- [What you need to do]:
Start to finish, write out the entries exactly, leaving the pictures aside.

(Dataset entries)

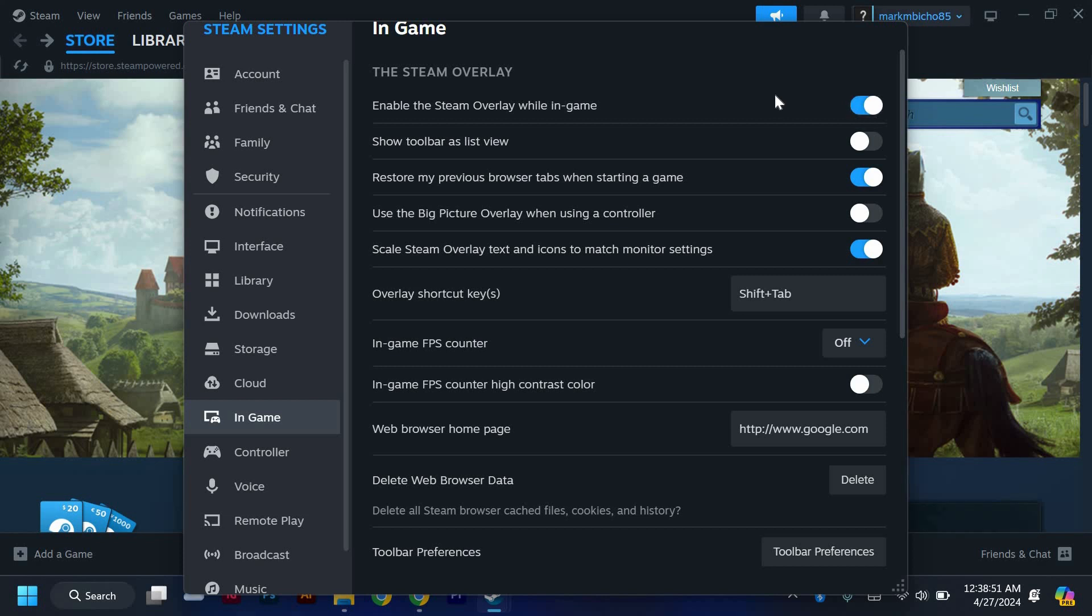Now it's time to open the Steam Console. To do this, simply press the back-tick key on your keyboard while in a game or the Steam client.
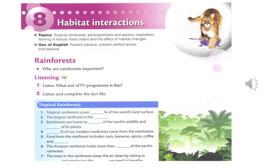A lot of the things we eat and drink every day come from the rainforest — nuts, bananas, spices, coffee and chocolate. The rainforest also helps to control our climate. It is thought that the Amazon forests alone hold more than half the Earth's rainwater.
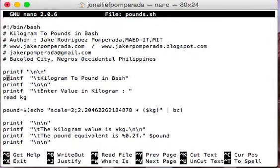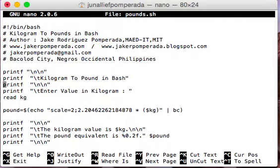Here we have printf with \n for new line and \t for horizontal tab — similar to C language — displaying the title 'Kilogram to Pound in Bash'. If you have some working knowledge of C programming language, you can apply or leverage that existing knowledge in Bash programming. Then we have printf asking the user to enter a value in kilogram.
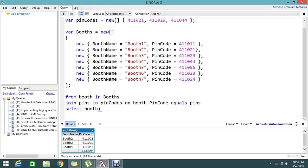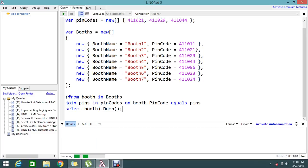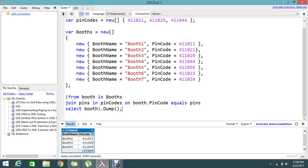On this total value I'm going to call dump. I am using dump, which is actually used in LINQPad. Normally there's no need for it in a web application or any console application — dump is only to dump the result in LINQPad. Let's go and execute it. Finally, I got the result: booth two, three, and four, which are mapped with the pin code.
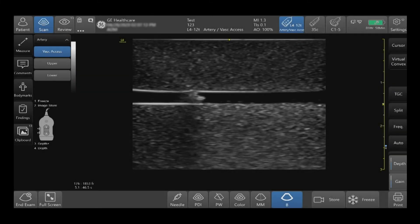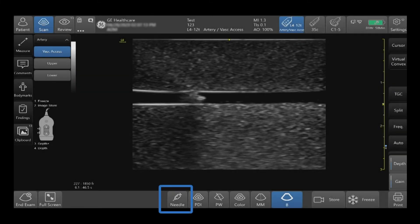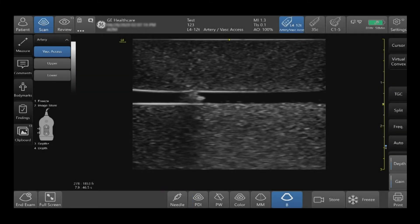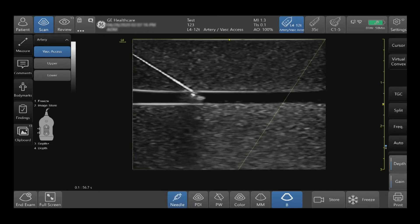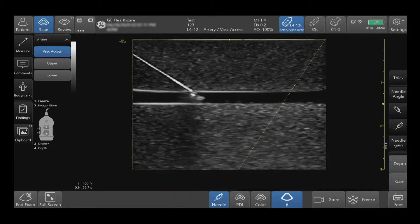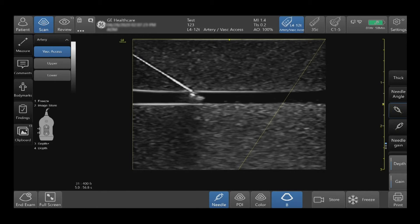To activate needle, tap needle on the bottom of your screen. The needle recognition software enhances needle visualization. Be mindful to keep the region of interest within the dotted line.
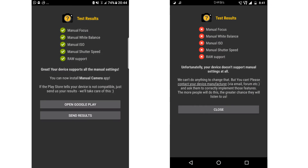To check your phone's compatibility with this app, install an app called Manual Camera Compatibility. In the camera compatibility app, you need all five green ticks. If you have any red tick or red cross, this will not work on your device. Make sure you get all five green ticks before attempting to use portrait mode.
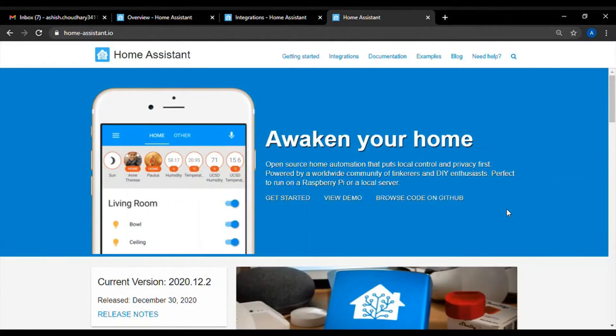Hello and welcome to another video. In this video, I am going to install Home Assistant on Raspberry Pi.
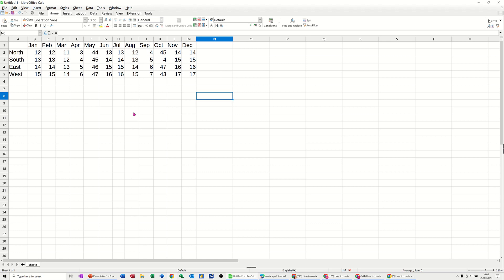In this module, I want to show you how you can add a sparkline to your data set. On the screen, I've got some data generated for December with some figures. What I want is a sparkline at the end there which gives me the high-low points.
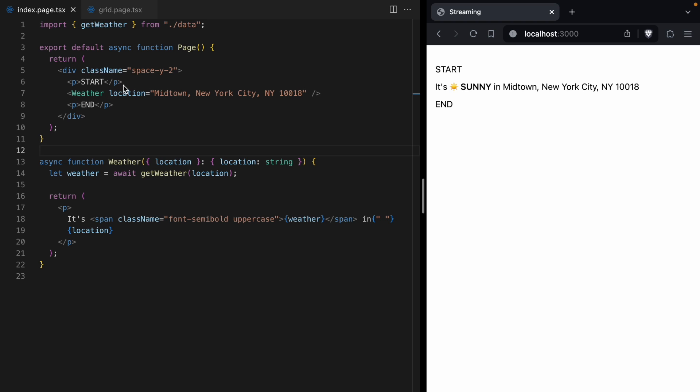But we don't need the weather to render these start and end tags. These are outside of the data-fetching component. And so we can use streaming to stream down these start and end tags and then later on stream down the weather as soon as it becomes available.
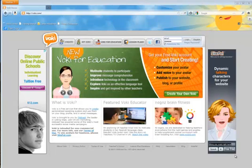Creating a speaking avatar with Vokey. Go to Vokey.com.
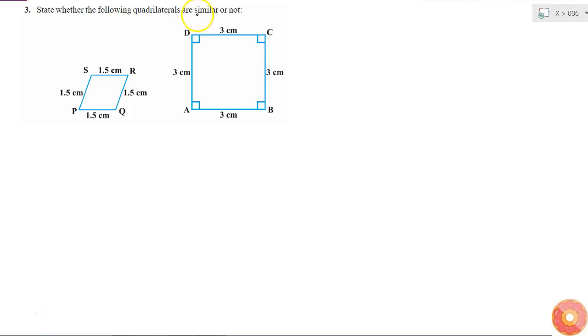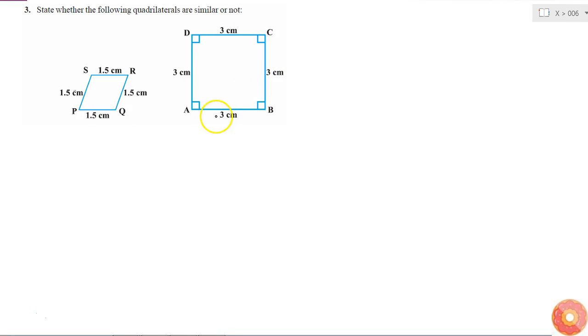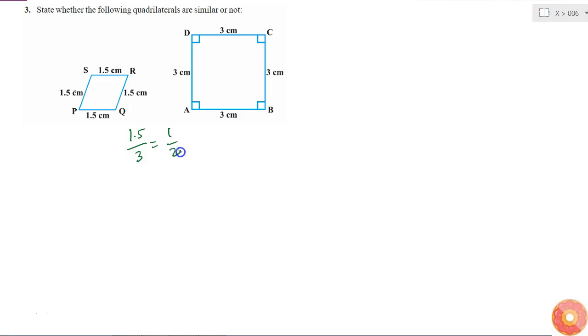Here I have to state whether these two quadrilaterals are similar or not. I can see that all four sides of this quadrilateral are 1.5 cm and all four sides of this quadrilateral are 3 cm. So I might be thinking that because all the sides are in the same ratio, that is 1.5 is to 3 which is 1 is to 2.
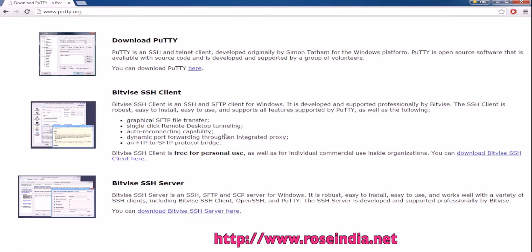In this video tutorial, I am going to teach you how you can download the Putty SSH client and use it on the Windows 7 computer.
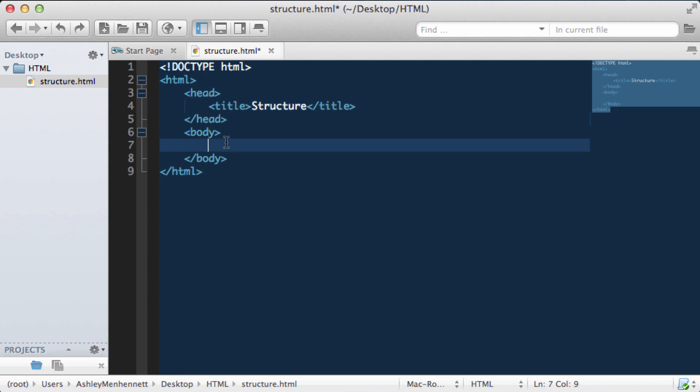So when we start to add content in our body, we'll actually start one tab space in. This is a part of good coding practice and will help you become efficient with writing HTML.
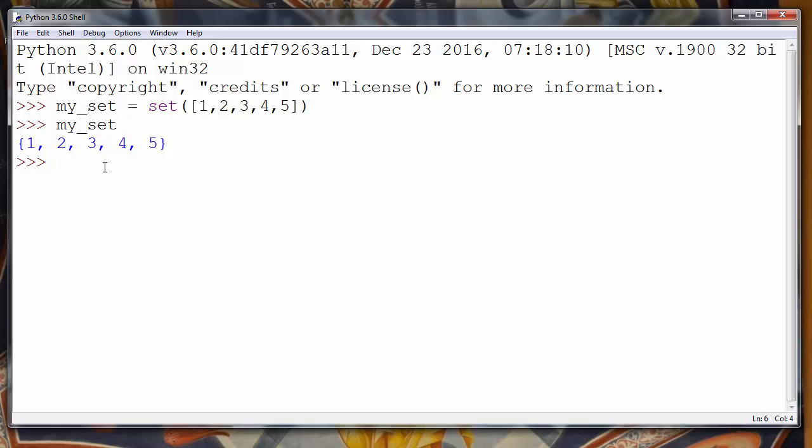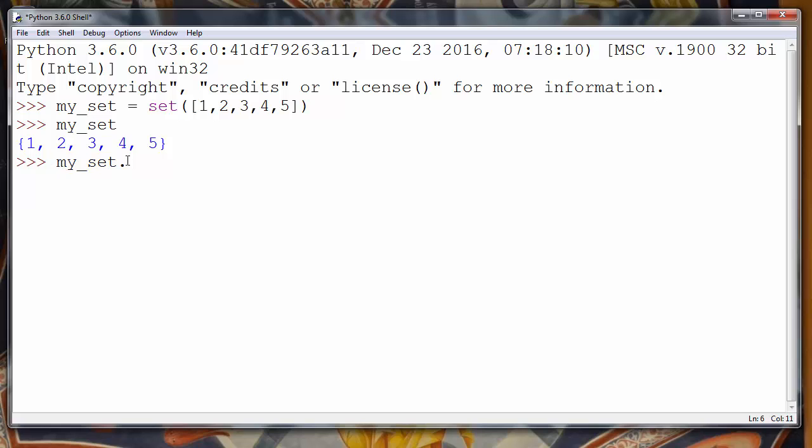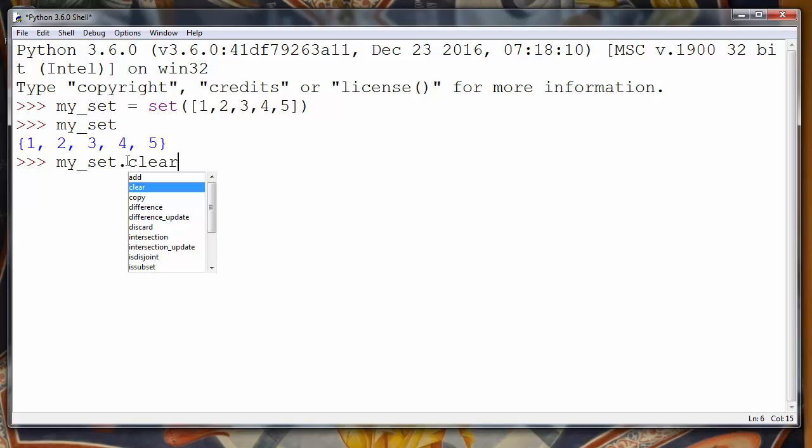In order to do that, we'll call our myset set and we'll call method clear. That method will remove all those elements from our set and our set will be empty.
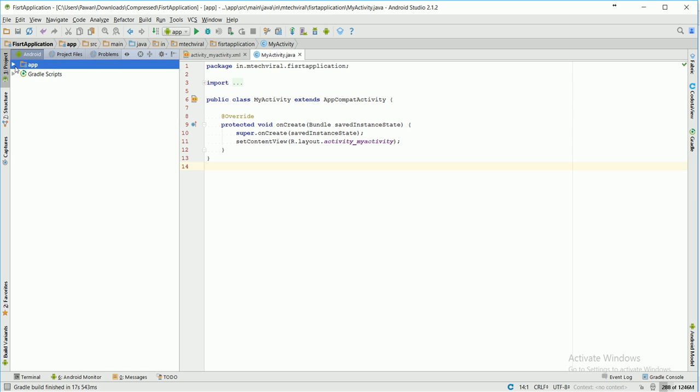We are going to start with this module. There are basically two major modules: app and Gradle scripts. We're going to understand about app first and we'll skip the Gradle scripts for the time being. In app, there are three major directories: manifests, java, and res. Res is basically resources.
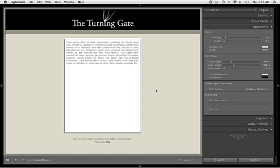Hello, this is Matthew Campagna from theturninggate.net. In this tutorial, I'm going to show you how to create a Mono Slideshow Gallery using Mono Slideshow 2.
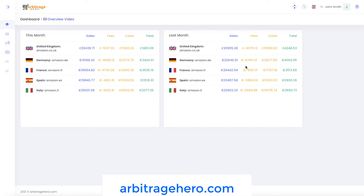Hi, this is Max, a creator of arbitragehero.com. In this short video, I just wanted to give you a quick update of what we have recently done in Arbitrage Hero.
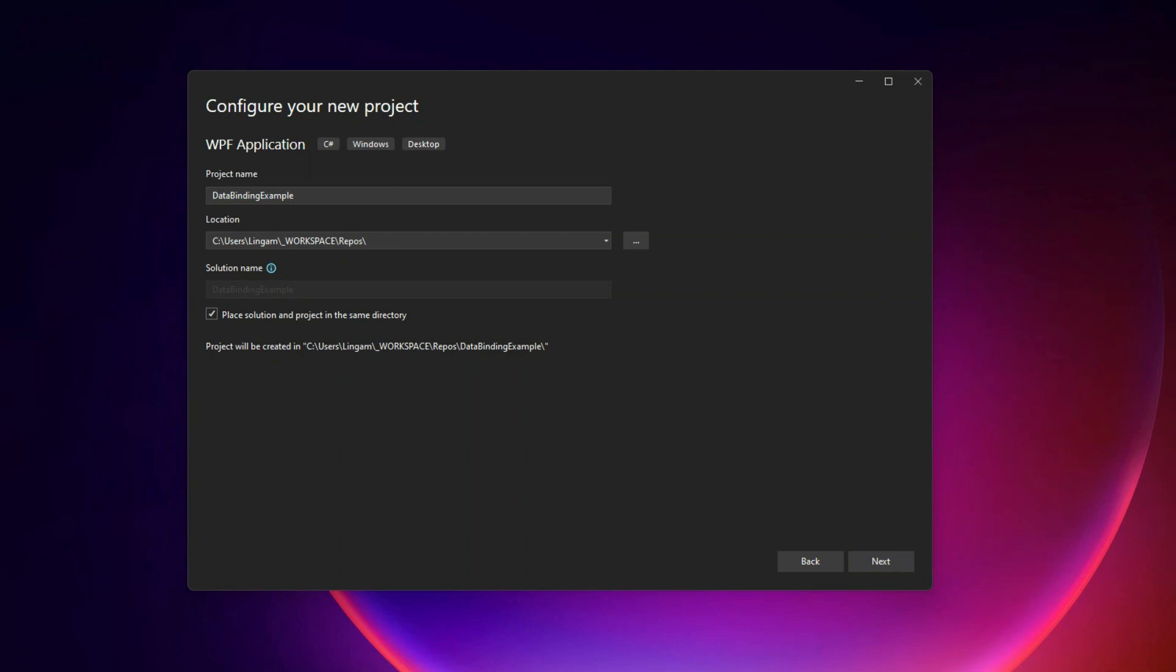Hello there, welcome back. This video we will be discussing about data binding in WPF. I will try to keep it very simple.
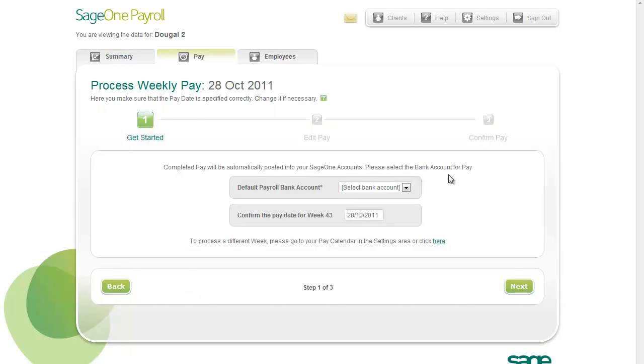The Process Pay screen opens. This guides you through the Pay Run steps. When a pay run is complete for a week or month, the employees belonging to the payroll get paid.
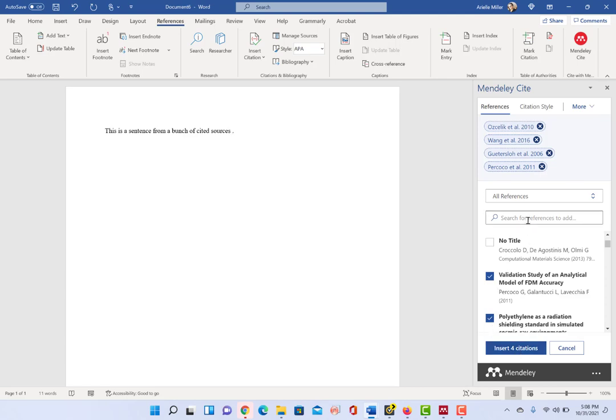You can see here now that I've selected these citations. You can also search for your citations.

- [Output]:
Now it's time to open the Steam Console. To do this, simply press the back-tick key on your keyboard while in a game or the Steam client.
A lot of the things we eat and drink every day come from the rainforest — nuts, bananas, spices, coffee and chocolate. The rainforest also helps to control our climate. It is thought that the Amazon forests alone hold more than half the Earth's rainwater.
Here we have printf with \n for new line and \t for horizontal tab — similar to C language — displaying the title 'Kilogram to Pound in Bash'. If you have some working knowledge of C programming language, you can apply or leverage that existing knowledge in Bash programming. Then we have printf asking the user to enter a value in kilogram.
On this total value I'm going to call dump. I am using dump, which is actually used in LINQPad. Normally there's no need for it in a web application or any console application — dump is only to dump the result in LINQPad. Let's go and execute it. Finally, I got the result: booth two, three, and four, which are mapped with the pin code.
To activate needle, tap needle on the bottom of your screen. The needle recognition software enhances needle visualization. Be mindful to keep the region of interest within the dotted line.
To check your phone's compatibility with this app, install an app called Manual Camera Compatibility. In the camera compatibility app, you need all five green ticks. If you have any red tick or red cross, this will not work on your device. Make sure you get all five green ticks before attempting to use portrait mode.
Hello and welcome to another video. In this video, I am going to install Home Assistant on Raspberry Pi.
In this module, I want to show you how you can add a sparkline to your data set. On the screen, I've got some data generated for December with some figures. What I want is a sparkline at the end there which gives me the high-low points.
But we don't need the weather to render these start and end tags. These are outside of the data-fetching component. And so we can use streaming to stream down these start and end tags and then later on stream down the weather as soon as it becomes available.
Creating a speaking avatar with Vokey. Go to Vokey.com.
Here I have to state whether these two quadrilaterals are similar or not. I can see that all four sides of this quadrilateral are 1.5 cm and all four sides of this quadrilateral are 3 cm. So I might be thinking that because all the sides are in the same ratio, that is 1.5 is to 3 which is 1 is to 2.
In this video tutorial, I am going to teach you how you can download the Putty SSH client and use it on the Windows 7 computer.
So when we start to add content in our body, we'll actually start one tab space in. This is a part of good coding practice and will help you become efficient with writing HTML.
In order to do that, we'll call our myset set and we'll call method clear. That method will remove all those elements from our set and our set will be empty.
We are going to start with this module. There are basically two major modules: app and Gradle scripts. We're going to understand about app first and we'll skip the Gradle scripts for the time being. In app, there are three major directories: manifests, java, and res. Res is basically resources.
Hello, this is Matthew Campagna from theturninggate.net. In this tutorial, I'm going to show you how to create a Mono Slideshow Gallery using Mono Slideshow 2.
Hi, this is Max, a creator of arbitragehero.com. In this short video, I just wanted to give you a quick update of what we have recently done in Arbitrage Hero.
Hello there, welcome back. This video we will be discussing about data binding in WPF. I will try to keep it very simple.
The Process Pay screen opens. This guides you through the Pay Run steps. When a pay run is complete for a week or month, the employees belonging to the payroll get paid.
You can see here now that I've selected these citations. You can also search for your citations.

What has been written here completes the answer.